Go through the following data and transcribe exactly the stretch of lines from the one holding "a desk and a" to the one holding "Bright bathroom featuring", both included.

— Dataset extract —
———

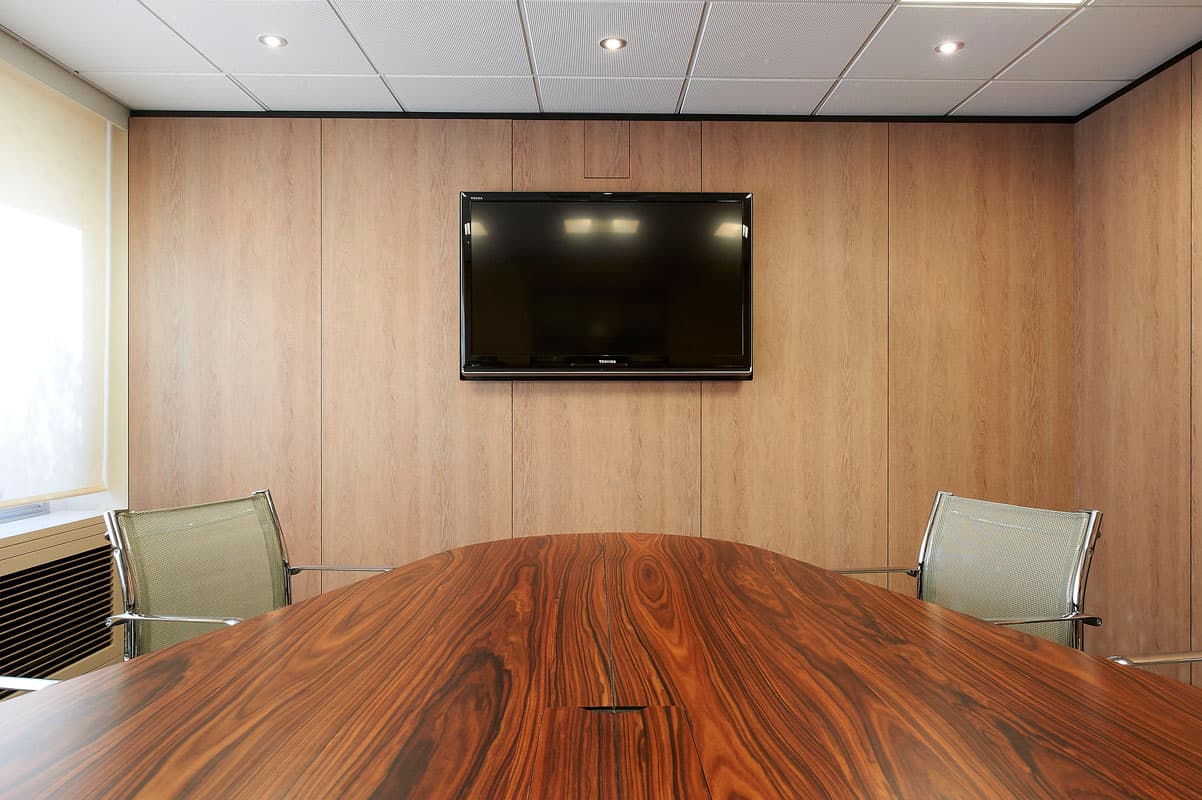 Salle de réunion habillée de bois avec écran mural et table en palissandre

———

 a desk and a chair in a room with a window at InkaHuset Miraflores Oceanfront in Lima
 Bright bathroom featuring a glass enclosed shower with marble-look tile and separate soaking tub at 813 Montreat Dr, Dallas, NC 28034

———

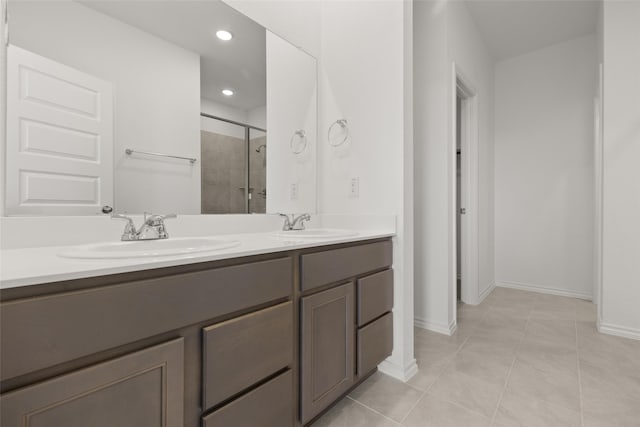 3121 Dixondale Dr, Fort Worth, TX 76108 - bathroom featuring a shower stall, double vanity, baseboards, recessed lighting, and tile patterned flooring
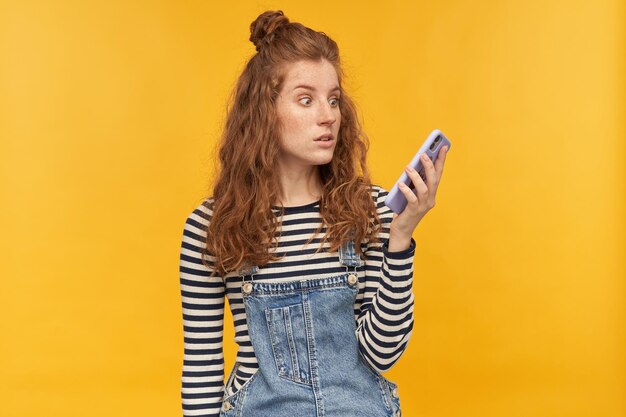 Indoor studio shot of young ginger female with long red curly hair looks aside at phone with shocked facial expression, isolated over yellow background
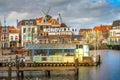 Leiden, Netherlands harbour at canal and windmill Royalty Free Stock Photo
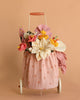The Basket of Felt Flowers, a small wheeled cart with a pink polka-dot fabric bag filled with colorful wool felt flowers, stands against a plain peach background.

———

— Worked solution —
 a desk and a chair in a room with a window at InkaHuset Miraflores Oceanfront in Lima
 Bright bathroom featuring a glass enclosed shower with marble-look tile and separate soaking tub at 813 Montreat Dr, Dallas, NC 28034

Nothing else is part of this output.